▶ **How to complete this task**
Return each line of the listing that follows in which the string "Hotel" can be found.
******
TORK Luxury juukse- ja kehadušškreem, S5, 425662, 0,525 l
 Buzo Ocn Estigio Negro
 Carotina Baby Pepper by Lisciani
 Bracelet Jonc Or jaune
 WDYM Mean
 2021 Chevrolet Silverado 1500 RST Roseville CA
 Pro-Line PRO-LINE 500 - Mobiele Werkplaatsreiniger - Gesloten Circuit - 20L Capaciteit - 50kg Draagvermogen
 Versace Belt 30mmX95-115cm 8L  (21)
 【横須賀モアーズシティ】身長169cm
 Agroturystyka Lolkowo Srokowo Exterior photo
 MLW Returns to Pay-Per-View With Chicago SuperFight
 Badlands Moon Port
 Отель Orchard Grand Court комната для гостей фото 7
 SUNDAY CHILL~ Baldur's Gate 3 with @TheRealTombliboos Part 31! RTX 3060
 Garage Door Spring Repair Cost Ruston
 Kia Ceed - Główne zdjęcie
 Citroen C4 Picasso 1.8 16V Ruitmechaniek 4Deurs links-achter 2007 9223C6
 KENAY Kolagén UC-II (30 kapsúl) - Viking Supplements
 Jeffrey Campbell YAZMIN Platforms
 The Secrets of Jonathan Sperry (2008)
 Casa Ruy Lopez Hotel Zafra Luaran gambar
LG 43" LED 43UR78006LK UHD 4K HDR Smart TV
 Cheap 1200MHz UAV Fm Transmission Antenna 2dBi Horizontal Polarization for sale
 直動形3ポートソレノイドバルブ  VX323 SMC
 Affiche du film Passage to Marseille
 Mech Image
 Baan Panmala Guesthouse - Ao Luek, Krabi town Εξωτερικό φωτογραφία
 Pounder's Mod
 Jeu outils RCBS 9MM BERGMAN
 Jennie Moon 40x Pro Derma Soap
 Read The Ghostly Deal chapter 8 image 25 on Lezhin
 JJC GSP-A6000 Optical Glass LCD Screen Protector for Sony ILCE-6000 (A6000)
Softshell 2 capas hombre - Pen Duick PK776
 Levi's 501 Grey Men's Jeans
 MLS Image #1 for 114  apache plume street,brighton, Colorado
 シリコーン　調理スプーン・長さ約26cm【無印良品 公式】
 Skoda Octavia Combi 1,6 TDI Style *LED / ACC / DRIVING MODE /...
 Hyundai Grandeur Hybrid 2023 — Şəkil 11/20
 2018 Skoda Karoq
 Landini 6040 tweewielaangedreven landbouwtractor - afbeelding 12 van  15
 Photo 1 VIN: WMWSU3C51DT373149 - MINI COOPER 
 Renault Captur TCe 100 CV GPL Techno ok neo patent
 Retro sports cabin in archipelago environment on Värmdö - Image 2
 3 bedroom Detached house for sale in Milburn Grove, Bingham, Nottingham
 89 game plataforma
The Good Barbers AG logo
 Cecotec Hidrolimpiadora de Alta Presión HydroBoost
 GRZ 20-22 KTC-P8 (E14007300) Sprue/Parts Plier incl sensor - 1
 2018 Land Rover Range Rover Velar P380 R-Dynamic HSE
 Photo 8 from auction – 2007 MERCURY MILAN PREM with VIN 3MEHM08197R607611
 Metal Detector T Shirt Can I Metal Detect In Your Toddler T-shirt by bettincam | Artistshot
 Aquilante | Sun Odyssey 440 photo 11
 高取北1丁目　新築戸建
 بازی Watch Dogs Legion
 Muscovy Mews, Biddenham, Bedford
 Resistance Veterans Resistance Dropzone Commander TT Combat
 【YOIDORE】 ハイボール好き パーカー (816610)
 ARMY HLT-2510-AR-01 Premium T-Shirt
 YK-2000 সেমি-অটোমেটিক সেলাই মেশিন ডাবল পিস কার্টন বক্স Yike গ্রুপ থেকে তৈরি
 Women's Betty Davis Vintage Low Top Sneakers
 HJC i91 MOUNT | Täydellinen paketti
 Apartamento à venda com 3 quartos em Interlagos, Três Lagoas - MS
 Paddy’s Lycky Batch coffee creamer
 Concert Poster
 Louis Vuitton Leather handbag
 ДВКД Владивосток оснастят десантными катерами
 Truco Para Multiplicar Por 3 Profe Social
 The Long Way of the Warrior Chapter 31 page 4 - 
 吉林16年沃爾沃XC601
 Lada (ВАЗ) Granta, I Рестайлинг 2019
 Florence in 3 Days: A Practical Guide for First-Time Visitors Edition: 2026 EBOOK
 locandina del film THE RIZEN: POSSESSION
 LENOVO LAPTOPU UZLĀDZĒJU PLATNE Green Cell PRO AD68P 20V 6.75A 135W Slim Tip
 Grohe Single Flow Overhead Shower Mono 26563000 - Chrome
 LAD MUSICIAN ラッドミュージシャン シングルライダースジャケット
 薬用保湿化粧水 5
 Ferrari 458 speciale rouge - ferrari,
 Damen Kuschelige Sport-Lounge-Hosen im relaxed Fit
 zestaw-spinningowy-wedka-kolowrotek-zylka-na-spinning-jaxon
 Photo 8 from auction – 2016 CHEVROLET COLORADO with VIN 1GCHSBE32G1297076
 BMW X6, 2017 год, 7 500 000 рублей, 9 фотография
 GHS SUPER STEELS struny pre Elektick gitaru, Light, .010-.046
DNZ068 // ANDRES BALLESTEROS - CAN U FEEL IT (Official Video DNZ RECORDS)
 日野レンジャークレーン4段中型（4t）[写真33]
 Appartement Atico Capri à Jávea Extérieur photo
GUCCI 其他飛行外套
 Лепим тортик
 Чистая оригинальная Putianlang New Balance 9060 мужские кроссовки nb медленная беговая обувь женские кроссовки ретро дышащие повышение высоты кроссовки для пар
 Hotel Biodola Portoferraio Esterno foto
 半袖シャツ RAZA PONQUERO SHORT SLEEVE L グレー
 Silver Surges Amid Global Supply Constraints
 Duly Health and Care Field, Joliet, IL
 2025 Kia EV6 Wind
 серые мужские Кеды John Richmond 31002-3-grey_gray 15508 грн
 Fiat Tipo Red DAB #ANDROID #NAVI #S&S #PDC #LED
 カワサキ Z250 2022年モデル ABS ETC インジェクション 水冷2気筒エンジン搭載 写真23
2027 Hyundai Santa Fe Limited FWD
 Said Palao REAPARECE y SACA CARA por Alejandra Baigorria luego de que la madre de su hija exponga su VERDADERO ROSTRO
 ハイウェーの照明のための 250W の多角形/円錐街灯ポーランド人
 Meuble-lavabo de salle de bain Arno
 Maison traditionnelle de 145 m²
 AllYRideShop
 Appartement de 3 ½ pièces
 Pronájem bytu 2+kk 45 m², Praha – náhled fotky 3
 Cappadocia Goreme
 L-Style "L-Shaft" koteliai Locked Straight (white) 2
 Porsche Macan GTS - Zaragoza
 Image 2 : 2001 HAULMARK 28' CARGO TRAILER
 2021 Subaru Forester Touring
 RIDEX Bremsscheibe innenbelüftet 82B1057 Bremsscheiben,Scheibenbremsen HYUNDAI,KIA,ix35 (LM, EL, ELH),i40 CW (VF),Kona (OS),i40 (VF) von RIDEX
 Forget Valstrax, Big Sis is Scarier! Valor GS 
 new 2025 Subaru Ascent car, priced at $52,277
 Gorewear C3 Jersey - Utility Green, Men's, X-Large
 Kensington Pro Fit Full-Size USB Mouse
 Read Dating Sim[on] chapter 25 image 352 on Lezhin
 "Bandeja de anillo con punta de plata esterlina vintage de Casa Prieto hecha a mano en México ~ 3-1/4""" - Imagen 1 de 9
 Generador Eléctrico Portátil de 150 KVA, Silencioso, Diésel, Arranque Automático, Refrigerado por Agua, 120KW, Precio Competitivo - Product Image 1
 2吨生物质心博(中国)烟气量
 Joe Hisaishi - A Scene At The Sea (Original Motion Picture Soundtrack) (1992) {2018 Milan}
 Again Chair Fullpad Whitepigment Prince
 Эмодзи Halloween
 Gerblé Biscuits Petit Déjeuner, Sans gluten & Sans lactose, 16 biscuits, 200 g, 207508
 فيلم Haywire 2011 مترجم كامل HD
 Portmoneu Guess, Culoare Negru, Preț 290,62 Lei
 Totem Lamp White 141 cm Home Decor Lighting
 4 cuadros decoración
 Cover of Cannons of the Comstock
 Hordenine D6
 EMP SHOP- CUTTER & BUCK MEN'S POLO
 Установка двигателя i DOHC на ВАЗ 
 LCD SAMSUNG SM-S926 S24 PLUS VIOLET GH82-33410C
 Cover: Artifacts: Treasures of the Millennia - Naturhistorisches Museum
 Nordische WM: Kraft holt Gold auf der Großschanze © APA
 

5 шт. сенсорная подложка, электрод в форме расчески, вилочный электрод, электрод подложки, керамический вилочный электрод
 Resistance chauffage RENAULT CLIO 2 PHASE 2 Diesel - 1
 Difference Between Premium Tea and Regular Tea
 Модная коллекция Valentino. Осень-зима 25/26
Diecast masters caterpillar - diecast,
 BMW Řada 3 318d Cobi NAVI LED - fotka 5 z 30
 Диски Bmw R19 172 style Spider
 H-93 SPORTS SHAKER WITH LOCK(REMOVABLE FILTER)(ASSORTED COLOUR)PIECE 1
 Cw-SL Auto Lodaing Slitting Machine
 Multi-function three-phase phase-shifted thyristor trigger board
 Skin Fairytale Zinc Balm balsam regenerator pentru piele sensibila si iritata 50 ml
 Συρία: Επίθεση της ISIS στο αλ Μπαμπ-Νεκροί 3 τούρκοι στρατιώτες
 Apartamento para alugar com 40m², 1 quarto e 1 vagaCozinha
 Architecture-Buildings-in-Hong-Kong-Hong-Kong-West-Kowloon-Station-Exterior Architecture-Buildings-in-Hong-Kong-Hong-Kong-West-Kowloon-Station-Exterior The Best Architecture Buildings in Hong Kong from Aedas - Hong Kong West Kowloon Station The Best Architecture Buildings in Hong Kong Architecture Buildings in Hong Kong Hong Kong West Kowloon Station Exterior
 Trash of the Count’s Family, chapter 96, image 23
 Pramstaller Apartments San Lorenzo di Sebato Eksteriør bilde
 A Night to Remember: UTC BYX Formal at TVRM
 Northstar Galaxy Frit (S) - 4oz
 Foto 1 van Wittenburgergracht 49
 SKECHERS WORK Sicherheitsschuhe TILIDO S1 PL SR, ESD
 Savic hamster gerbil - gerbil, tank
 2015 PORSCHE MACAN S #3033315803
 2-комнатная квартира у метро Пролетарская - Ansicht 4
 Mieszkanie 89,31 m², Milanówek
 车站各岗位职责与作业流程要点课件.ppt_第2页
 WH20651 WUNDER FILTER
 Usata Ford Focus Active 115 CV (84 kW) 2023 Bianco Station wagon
******
▶ **Output below**
 Casa Ruy Lopez Hotel Zafra Luaran gambar
 Hotel Biodola Portoferraio Esterno foto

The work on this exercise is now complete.